The running community is so inclusive. It doesn’t matter if you’re a novice trying to walk-run to get around your first park-run, if you’re aiming for a sub 3 hour marathon (I’m not, but I have a good friend who will get there shortly!) or an ultra runner planning another attempt at an across a continent run. I find everyone is willing to help and has something to share, whether it’s injury prevention, hill training, core conditioning, tips for controlling your doubts or how to fuel for your run. I’m a sponge for tips and information, especially if it’s backed up by good science.
Which is why I’ve learned to love beetroot.
Beetroot juice has been scientifically proven to aid endurance. That means you can exercise (whether its running or cycling) at a set intensity for longer. And as a training marathon runner, that sounds like a good thing!
So what can you do with a beetroot? Apart from turning your kitchen pink!
My first, and go to easy recipe for beetroot, is beetroot soup. There are loads of recipes for beetroot soup, or Borscht (vodka is optional), but I like to keep it simple.
Peel 3-4 beetroot, then blitz in a food processor until finely chopped.
In a saucepan, sweat half a finely chopped onion and 1 crushed garlic clove in a small glug of olive oil until soft. Then add the beetroot. Give everything a good stir and cook the beetroot for a few minutes over a medium heat.

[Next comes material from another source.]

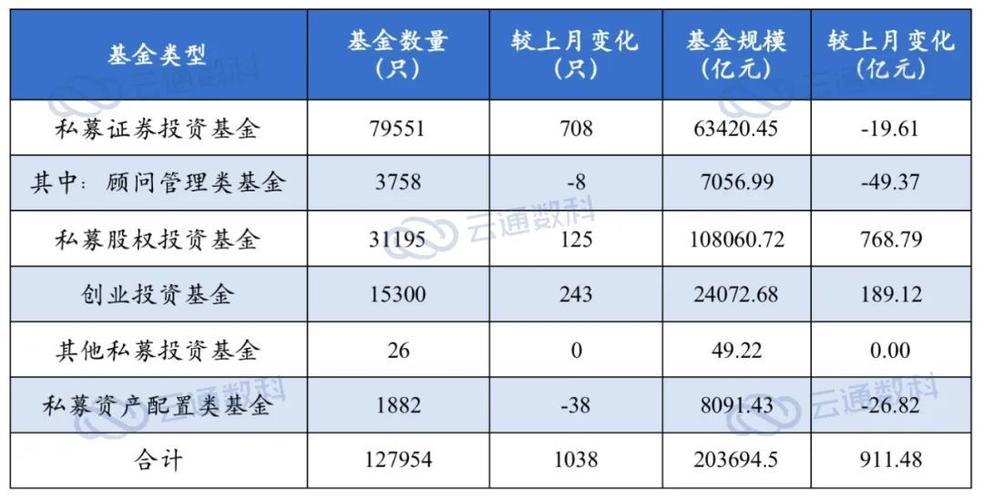 私募员工收入（私募入职一年收入）-图2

Make up ~500ml of veg stock (I use swiss vegetable bouillon, but by all means make your own stock!), by adding 2 teaspoons to 500ml of boiling water. Add the stock to the veg and bring to a boil. Simmer your soup for 15 minutes, after which time the beetroot will have cooked.
If you have chopped your beetroot fine, and don’t mind lumps (or just don’t have the time), your soup is good to go. But I recommend, cooling the soup slightly and then giving it a blitz in a blender (or with a blender stick, but watch you don’t spray the kitchen pink!) until the soup is blended and smooth.
Return the blended soup to the pan and reheat gently. Taste and add salt and freshly ground pepper, before ladling into bowls. Sprinkle feta onto and eat.
I’m not sure if this does help me with my running, but I’ll keep eating beetroot in the hope that it does!